Assignment. Pictures must not appear in the copy. Set down exactly the line with "Two black short-sleeve" and each line after it through the end of the data below.

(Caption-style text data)
'''
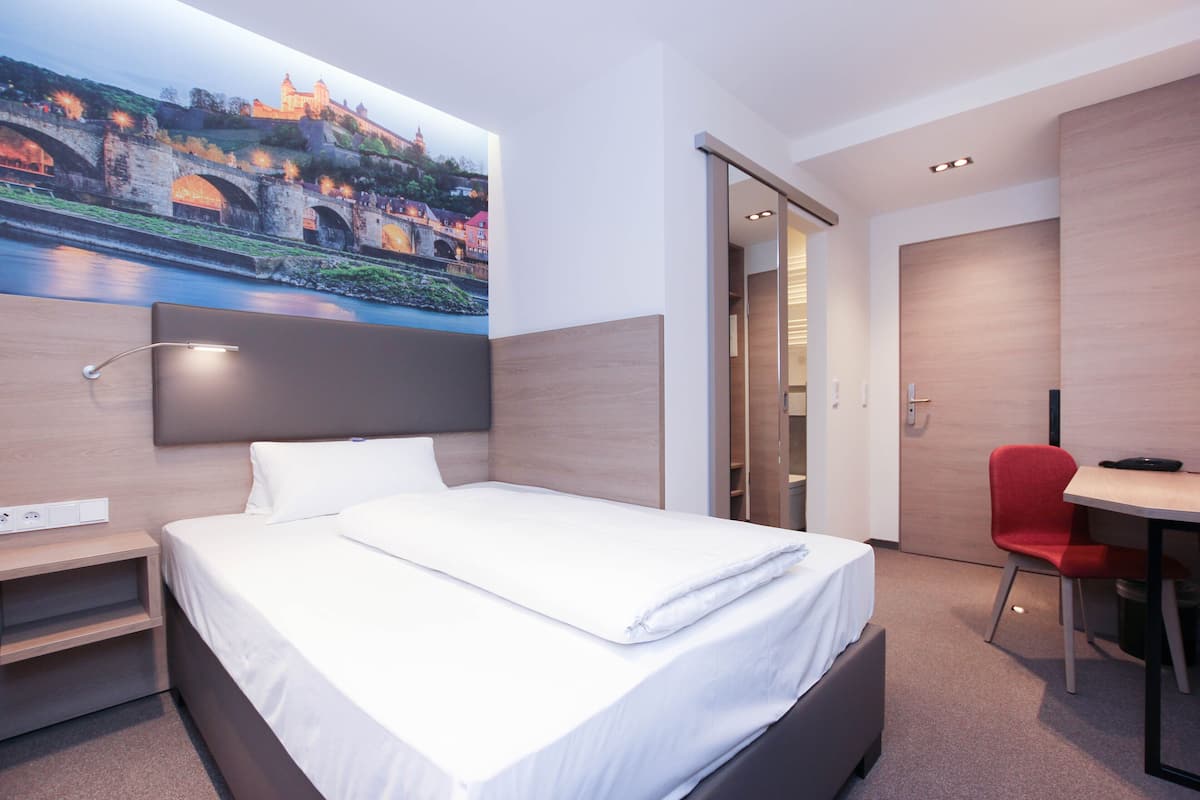 A modern hotel room with a neatly made bed, a desk, and a chair.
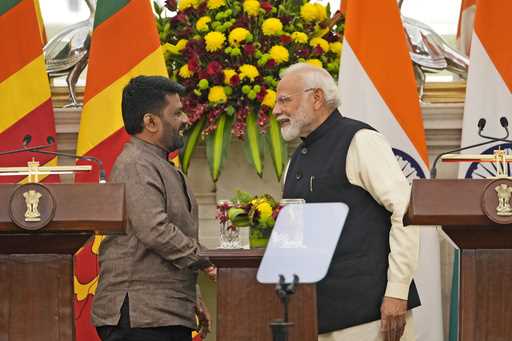 Indian Prime Minister Narendra Modi, right, shakes hand with Sri Lankan President Anura Kumara Disa…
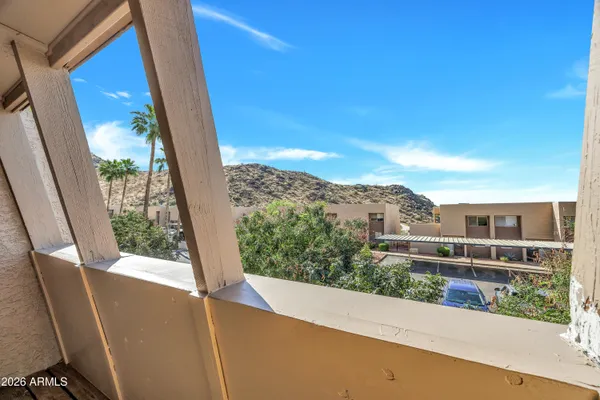 a view of a balcony with an outdoor space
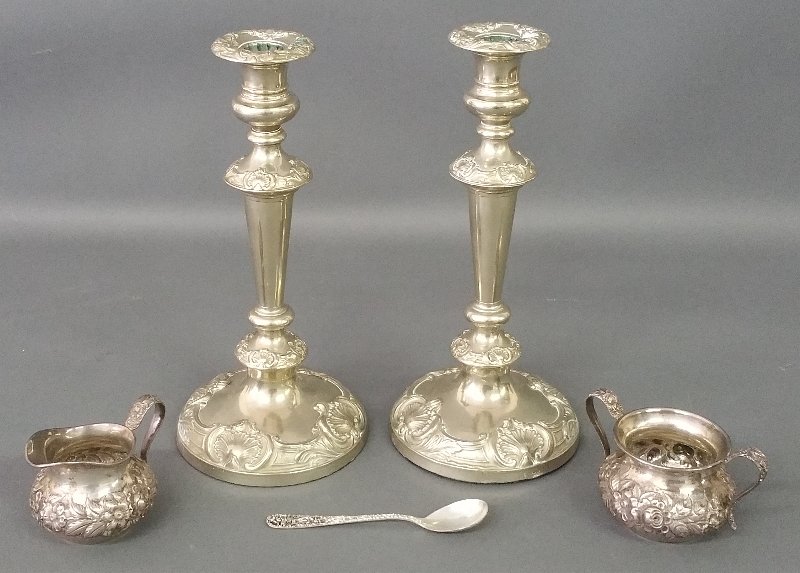 Pair of hallmarked, weighted silver candlesticks and a (1 of 2)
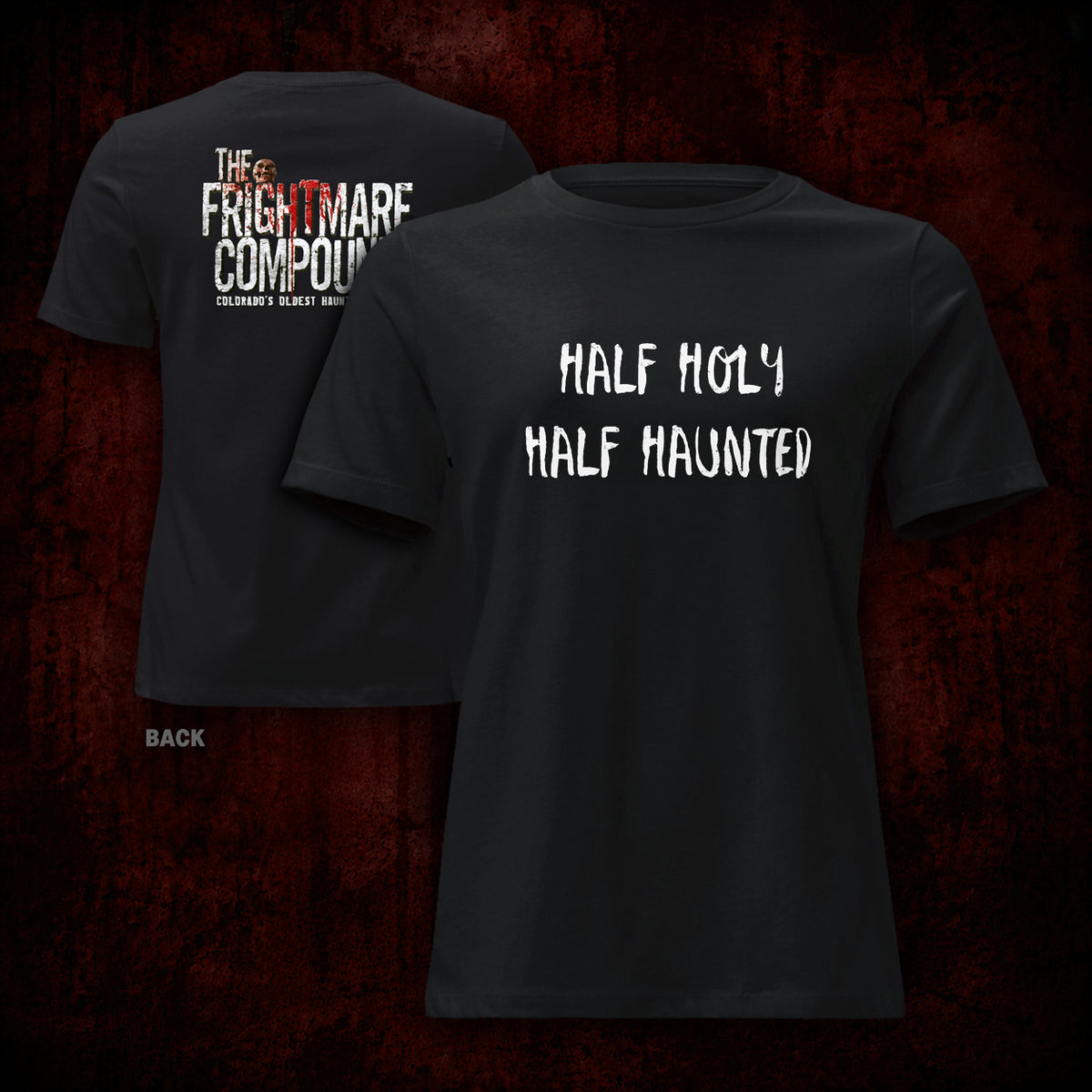 Two black short-sleeve graphic T-shirts shown against a dark red textured background, with the front and back views overlapping. The front shirt has white distressed text reading 'HALF HOLY HALF HAUNTED,' and the back shirt has white and red text reading 'THE FRIGHTMARE COMPOUND' with smaller text below.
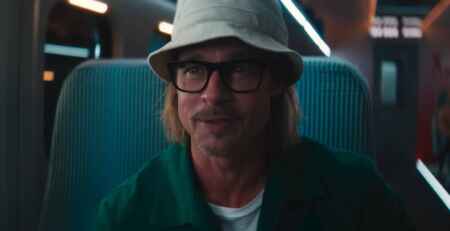 „Bullet Train“ Trailer zeigt Brad Pitt mit einem Anglerhut, einer schwarzen Brille und sitzend in einem Zugsitz, wie er lächelnd mit seinem Gegenüber spricht.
'''
Expected output.
 Two black short-sleeve graphic T-shirts shown against a dark red textured background, with the front and back views overlapping. The front shirt has white distressed text reading 'HALF HOLY HALF HAUNTED,' and the back shirt has white and red text reading 'THE FRIGHTMARE COMPOUND' with smaller text below.
 „Bullet Train“ Trailer zeigt Brad Pitt mit einem Anglerhut, einer schwarzen Brille und sitzend in einem Zugsitz, wie er lächelnd mit seinem Gegenüber spricht.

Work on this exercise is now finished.